Shrinking budgets. Crowded classrooms. Low teacher morale. And unruly students.
It's not easy being a school principal these days.
And yet, how well a principal copes with these kinds of problems often determines how successful a school and its students are, educators say.
For the Record
Los Angeles Times Wednesday May 5, 1993 Ventura County Edition Metro Part B Page 5 Column 6 Metro Desk 1 inches; 27 words Type of Material: Correction
Wrong Caption--A caption with a photograph on page B1 of the West Ventura County Edition on Tuesday incorrectly identified Deloris R. Carn, principal of E.O. Green junior high school in Oxnard.
"You can have a really good school, but you won't have a great school unless you have a great principal," said Susan Parks, assistant superintendent of the Simi Valley Unified School District. "It really makes a difference."
Robin Hunter, principal of Park View Elementary School in Simi Valley, and Deloris R. Carn, principal of E. O. Green junior high in Oxnard, are two people who are making a difference.
Both are similar in their unshakable belief in public education and in their passion for their jobs.
"It'll wear you out," Carn said. "But I love it. It's the most endearing profession, next to being a minister or a doctor."
To be sure, Park View and Green face many of the same problems as other schools. Both have a high percentage of students who come from low-income or disadvantaged families. Many classes have 30 or more students.
And, of course, there is always the need for more money--for new teachers as well as for supplies and equipment.
But to Hunter and Carn, these are challenges that must be overcome with creativity, an evolving curriculum and innovative teaching strategies.

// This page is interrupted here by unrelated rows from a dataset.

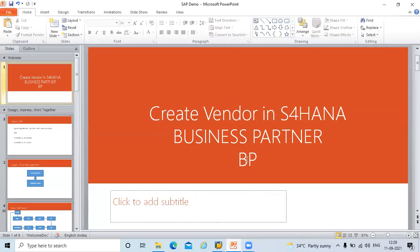Hello everybody. Today we are going to see how to create a vendor in S4HANA, that is business partner BP. So vendor is a business partner. I am going to create a business partner vendor in S4HANA.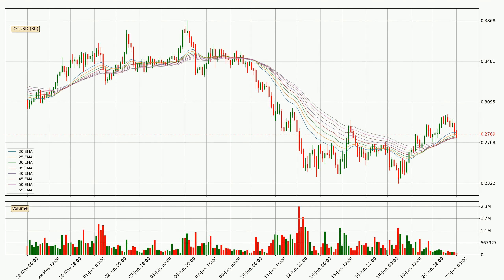Jumping to the three-hourly exponential moving averages, the price is currently in the three-hourly ribbon, so you should see if the ribbon could hold support, currently at around 27.5 cents. However, the ribbon is compressed, which means the current trend is not very strong and a trend change could be expected.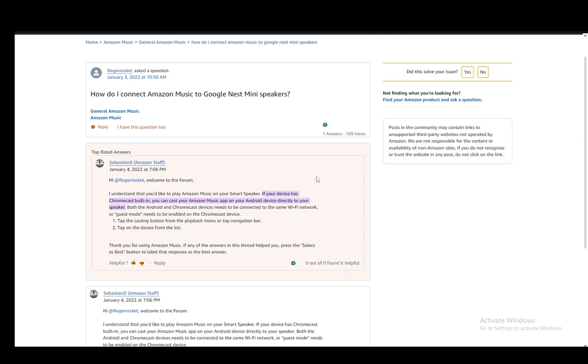What you need to do is use a device which has Chromecast built in, which most newer Android devices do.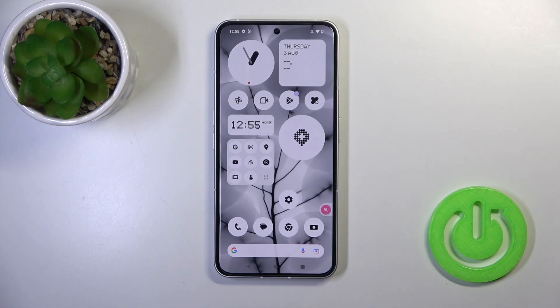Hi, today I'm Fred with my Nothing Phone 2, and I'll show you how to use the remove home screen widgets on this device.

"You play the cards you're dealt," Hunter said. "What we have is finite resources and unlimited demands. But that doesn't change what you have to do. We're an educational institution. Our job is to educate kids."
When he is not at work, Hunter may sometimes be found at a UCLA School of Medicine workshop, studying how the brain learns. Other times he may be teaching a class to demonstrate a new teaching strategy to one of his 22 instructors.
"The job obviously is to keep moving forward," Hunter said.
It is this philosophy that spurred Hunter and his staff this year to turn their ethnically diverse 670-student school into a laboratory for fresh educational approaches.
The school adopted an "open classroom" program, where students are no longer separated by age or by grade level but instead are grouped together in lower, middle and upper elementary classes.
Report cards have also changed. Letter grades A through F are no longer used to measure academic achievement. They feature short summaries of how each student is performing in different subjects.
And desks have been replaced by tables to allow students to teach and learn from each other.
For example, in one class recently a group of students who had just finished reading a chapter on early California history exchanged information on what they learned, while their teacher helped other pupils with a different assignment.
"Why did pioneers come to California?" Erin Bologna, 9, asked her classmates.
"To search for gold," said Justin Magee, 10.
"What else?" asked Erin.
"To trade," said Nathan McAllister, 9. "California was a big center of trade."
The students then wrote their answers down on a group work sheet to be turned in and discussed in class.
With Hunter's help, teachers have learned to engage students not only with the way they ask questions but the way they respond to answers, whether right or wrong.
For example, if a teacher asks a group of students for the answer to 5 plus 3, and a student answers 7, "the teacher does not say you're wrong and move on to the next student," Hunter said.
"Instead, the teacher stops and says, 'You're thinking of 5 plus 2.' Right there the teacher is helping the child who needs help. She's also providing positive reinforcement. It's those little things that make a difference."
Parks said Hunter, who also free-lances as a teaching consultant, keeps up with the latest research in education and uses that information to help teachers improve their classroom skills.
"He has credibility because he has so much knowledge and he practices that knowledge," Parks said. "This man knows what he's talking about."
Indeed, Hunter and his staff are reinventing their school to give teachers more control in planning their curriculum, to move beyond textbook learning and to raise the expectation levels of students.
"We're just breaking down barriers," said Hunter, who has a doctorate in education from USC.
Still, Park View is only one of a handful of schools in Ventura County to use the open classroom system, and some parents remain skeptical about its effectiveness. One couple even transferred their child to another school.
But Kathy Bruso, who has two children at Park View, said most parents believe in the program.
"They're still the same teachers, and I don't think they've forgotten what they've learned," said Bruso, who is also president of the PTA.
She credited Hunter with having the courage to try something new.
"We're stuck in the old ways of doing things," Bruso said. "I think parents need to be reminded that we can't just stay the way we've always been, that we have to change if we want to get better."